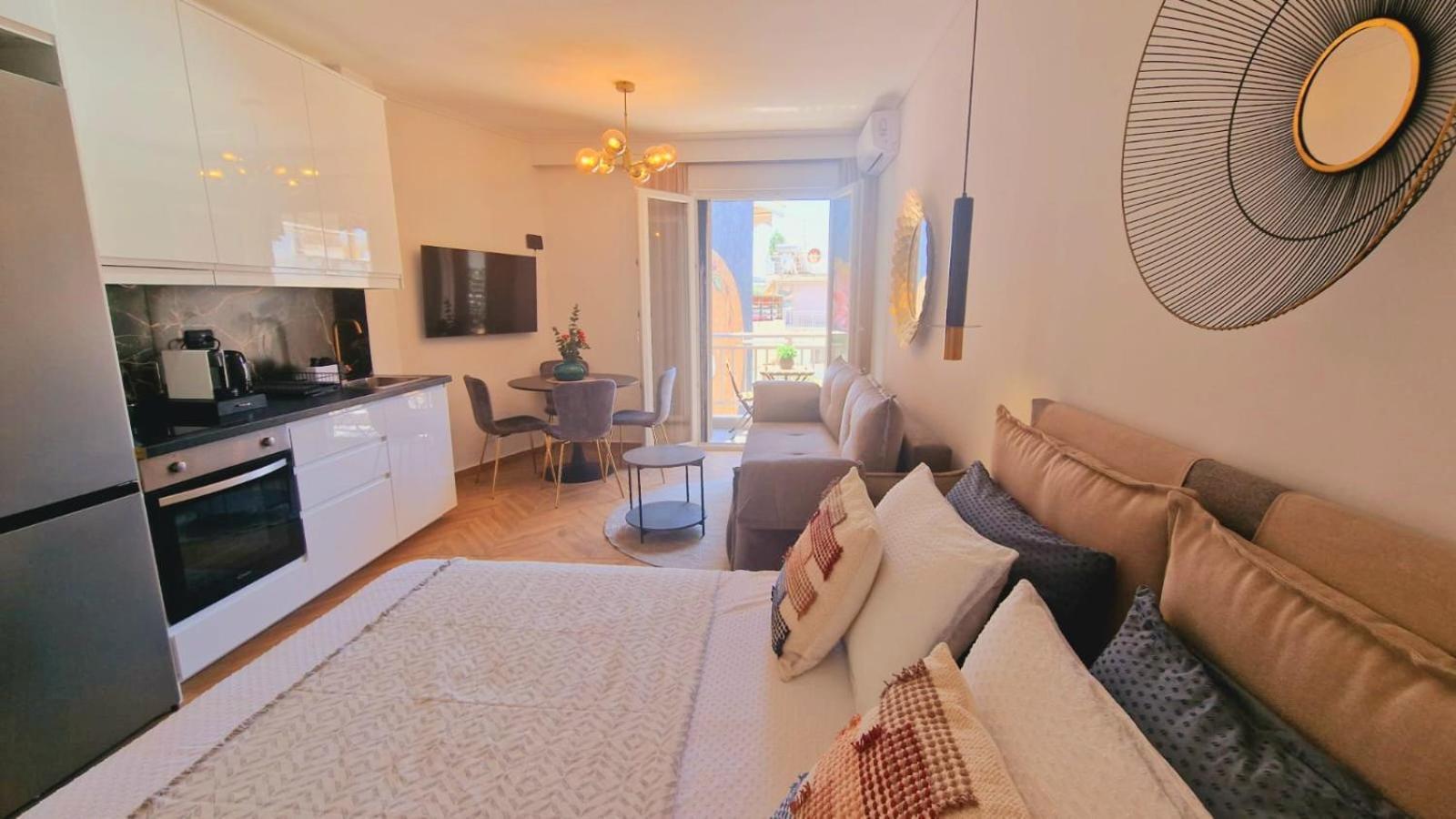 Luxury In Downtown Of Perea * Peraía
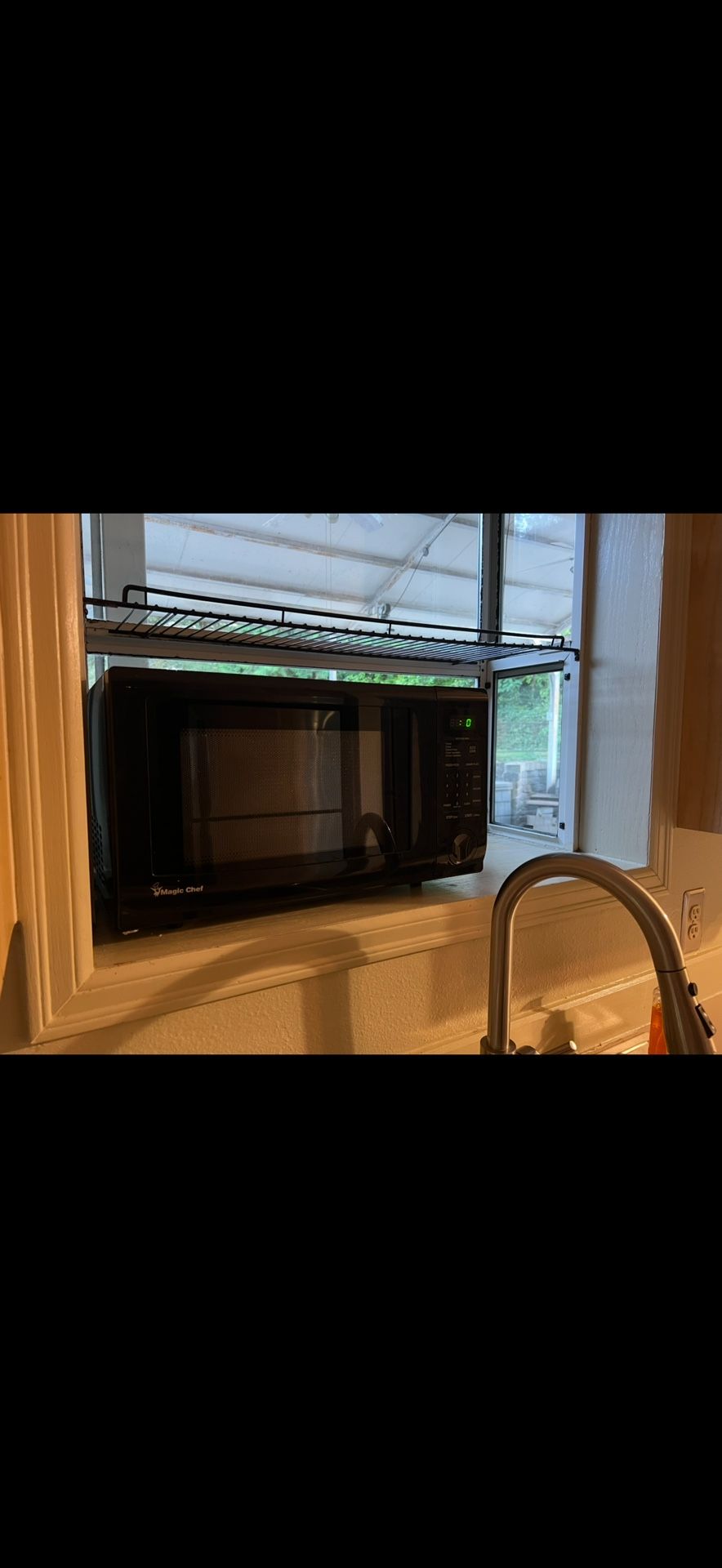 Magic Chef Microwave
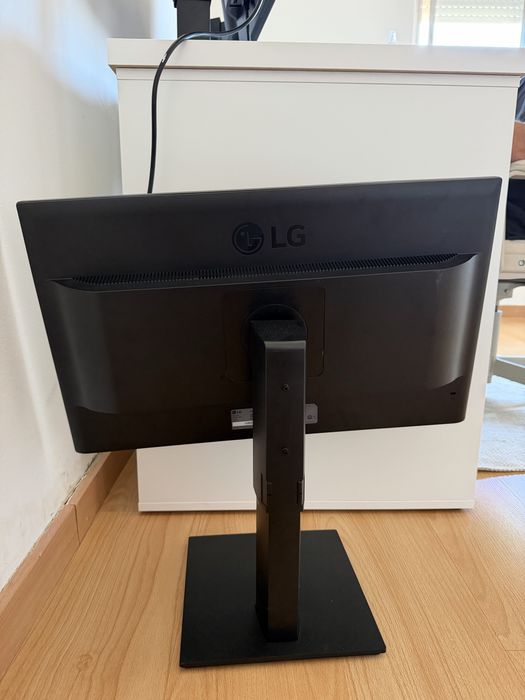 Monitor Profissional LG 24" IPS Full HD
--
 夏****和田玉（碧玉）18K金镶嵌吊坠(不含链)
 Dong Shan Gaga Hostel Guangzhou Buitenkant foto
* * *
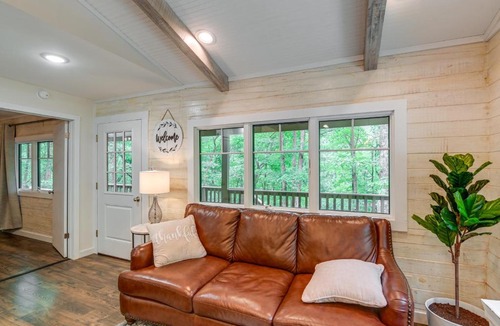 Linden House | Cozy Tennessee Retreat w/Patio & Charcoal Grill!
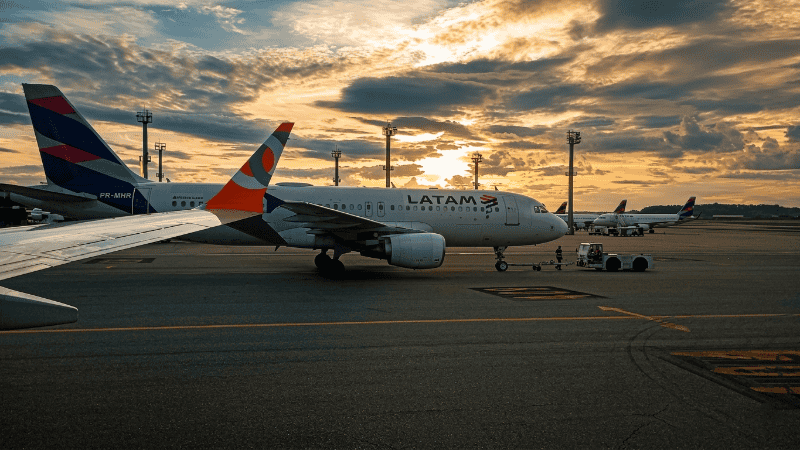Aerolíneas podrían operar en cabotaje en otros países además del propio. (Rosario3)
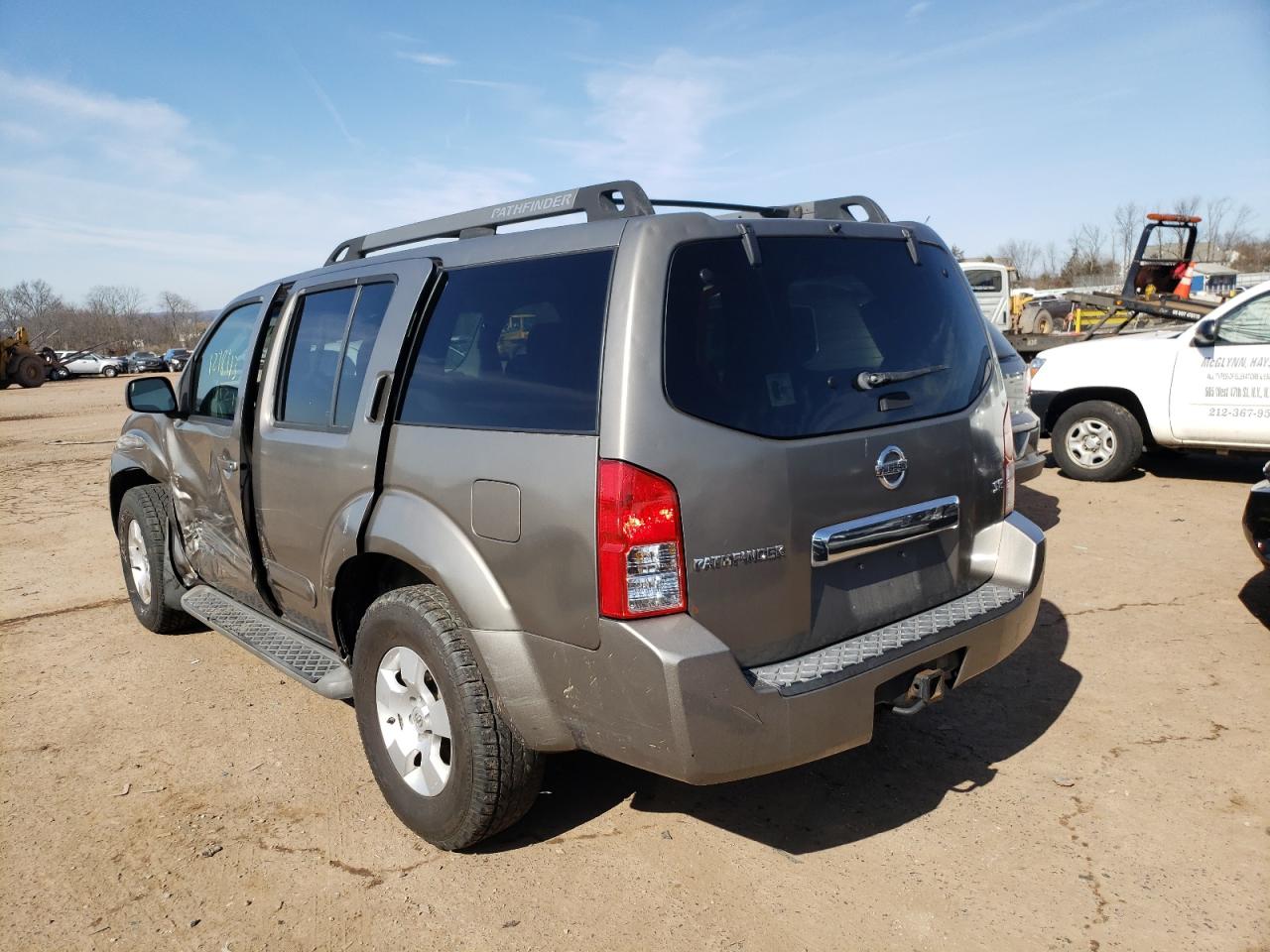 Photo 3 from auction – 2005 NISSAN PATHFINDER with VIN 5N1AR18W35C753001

» ACTION ITEM
Starting at the line with "Magic Chef Microwave" in the entries above, write out every line exactly until the line with "Monitor Profissional LG" has been written. Include no pictures and nothing more.

» RESULT
 Magic Chef Microwave
 Monitor Profissional LG 24" IPS Full HD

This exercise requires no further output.